From 6f65e08277a9e65c193367e18c5e7bf68f68e3d2 Mon Sep 17 00:00:00 2001
From: Monty <monty@mariadb.org>
Date: Fri, 22 Dec 2023 13:53:57 +0200
Subject: [PATCH] MDEV-33118 optimizer_adjust_secondary_key_costs variable

optimizer-adjust_secondary_key_costs is added to provide 2 small
adjustments to the 10.x optimizer cost model.
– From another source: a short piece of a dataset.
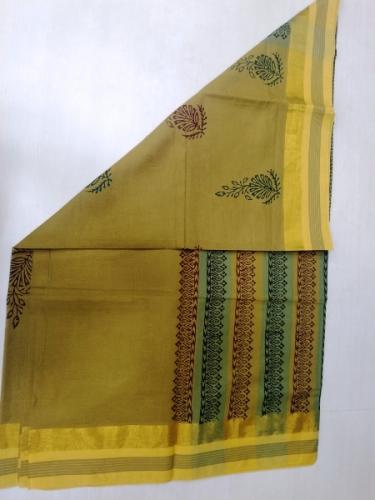 PL Salem Sarees Hand Block Printed Saree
This can be used in the
case where the optimizer wrongly uses a secondary key instead of a
clustered primary key.

The reason behind this change is that MariaDB 10.x does not take into
account that for engines like InnoDB, that scanning a primary key can be
up to 7x faster than scanning a secondary key + read the row data trough
the primary key.

The different values for optimizer_adjust_secondary_key_costs are:

optimizer_adjust_secondary_key_costs=0
- No changes to current model

optimizer_adjust_secondary_key_costs=1
- Ensure that the cost of of secondary indexes has a cost of at
  least 5x times the cost of a clustered primary key (if one exists).
  This disables part of the worst_seek optimization described below.

optimizer_adjust_secondary_key_costs=2
- Disable "worst_seek optimization" and adjust filter cost slightly
  (add cost of 1 if filter is used).

The idea behind 'worst_seek optimization' is that we limit the
cost for all non clustered ref access to the least of:
- best-rows-by-range (or all rows in no range found) / 10
- scan-time-table (roughly number of file blocks to scan table) * 3

In addition we also do not try to use rowid_filter if number of rows
estimated for 'ref' access is less than the worst_seek limitation.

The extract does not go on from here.